Carrera urges Stander to go on a game show and is able to convince the producer of the studio to put him on...and Stander, through her magic help, wins! Laurene Landon as the game show model cracked me up because in the Maniac Cop films she is such a tomboy badass...as the model, Landon keeps trying to pocket dollar bills from a pot, her hand swiped away by the jovial game show host (Bob Goen, mostly known from Entertainment Tonight), and when Stander gets questions right, eventually winning, she basically mounts him, getting quite kissy-face with him! But Landon in that dress with the hair done up, she's sexy as all hell.

Seymour Cassel has a store with witchcraft information Camp needs (and he offers his knowledge to her), and Evelyn Keyes (who had only been in a spattering of films or television since the 50s, notable for her classic films of the golden age in Hollywood) is a witch herself, offering a special school to teach civilians who pay her $750 bucks! It is Keyes who provides information on the cat and two witches alternating human and feline form, taking turns. Keyes is actually probably in the damn movie more than Davis! The advertising and marketing did seem to make sure to let audiences know Davis was headliner, but how could folks watching "Wicked Stepmother" not feel cheated? 

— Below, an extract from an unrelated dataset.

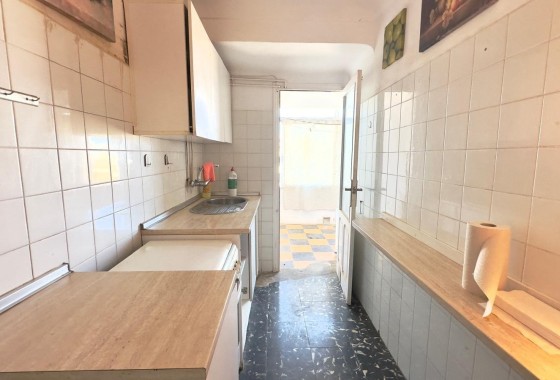 Resale - Wohnung / Appartement -
Torrevieja - Zona Los Frutales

Tom Bosley (of "Happy Days" and "Father Dowling Mysteries") is a LA cop trying to tell his superiors (or anyone who will listen) that a witch caused a family's shrinking size, found in a shoe box in their home after she departed their residence. Eventually, at the end of the film, in a major cringe bit of (not) special effects, Bosley and his taxi cab are shrunk in size while driving in bad LA traffic. It was Cohen's attempt to leave us tickled, but I found it to be quite ugh. Camp and Carrera in dueling witchcraft is Cohen's attempt to vomit a lot of chaos onscreen, hoping some of it might exhilarate the audience. Again, Camp and Carrera give it their all, I certainly won't dispute that. Stander, as the oblivious and manipulated pops, grins ear to ear for most of the film, enjoying the benefits of what marrying a witch (or being assisted by Priscilla) brings him. I liked the LA locations that take us outside suburbia with Camp and Moll on streets as traffic is definitely felt. Moll, in one cringe scene, pretends to be a Japanese gardener...it doesn't age well; think Rooney in "Breakfast at Tiffany's", just not nearly as long. Moll, in his Sam Spade office, with a black paint-coated bird figure on his desk, pops out his camera a lot but never really captures any evidence that actually compensates for what Camp pays him. 1.5/5

Camp throws water on Carrera and Carrera mocks her with the Wicked Witch of the West "I'm melting! Melting" routine, responding with the film's best line: It didn't work, did it, Dorothy? This is reality, not MGM!

This or Davis telling Camp to call her mama. Oh, and Davis flirting with Rasche amused me.